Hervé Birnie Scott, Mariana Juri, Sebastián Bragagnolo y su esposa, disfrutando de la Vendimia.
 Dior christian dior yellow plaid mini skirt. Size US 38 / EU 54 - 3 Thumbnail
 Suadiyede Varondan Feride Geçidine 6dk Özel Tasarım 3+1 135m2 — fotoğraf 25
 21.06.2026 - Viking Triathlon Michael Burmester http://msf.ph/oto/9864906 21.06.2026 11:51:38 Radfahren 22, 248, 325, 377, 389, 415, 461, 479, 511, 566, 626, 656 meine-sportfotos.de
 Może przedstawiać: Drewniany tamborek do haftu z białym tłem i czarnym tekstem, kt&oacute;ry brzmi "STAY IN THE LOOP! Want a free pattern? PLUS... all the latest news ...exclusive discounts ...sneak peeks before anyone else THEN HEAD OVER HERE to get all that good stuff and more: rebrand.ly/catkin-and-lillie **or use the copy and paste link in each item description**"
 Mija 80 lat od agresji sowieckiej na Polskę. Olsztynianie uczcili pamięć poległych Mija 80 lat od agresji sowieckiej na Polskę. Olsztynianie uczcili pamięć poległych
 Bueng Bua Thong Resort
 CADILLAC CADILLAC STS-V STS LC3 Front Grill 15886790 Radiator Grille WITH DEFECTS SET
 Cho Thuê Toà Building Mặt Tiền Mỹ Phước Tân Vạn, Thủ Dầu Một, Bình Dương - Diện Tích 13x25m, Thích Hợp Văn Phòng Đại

**Task to carry out:** Give again, word for word, the records from their first line to the one with "Suadiyede Varondan Feride", and leave out all else.

**Written solution:**
Hervé Birnie Scott, Mariana Juri, Sebastián Bragagnolo y su esposa, disfrutando de la Vendimia.
 Dior christian dior yellow plaid mini skirt. Size US 38 / EU 54 - 3 Thumbnail
 Suadiyede Varondan Feride Geçidine 6dk Özel Tasarım 3+1 135m2 — fotoğraf 25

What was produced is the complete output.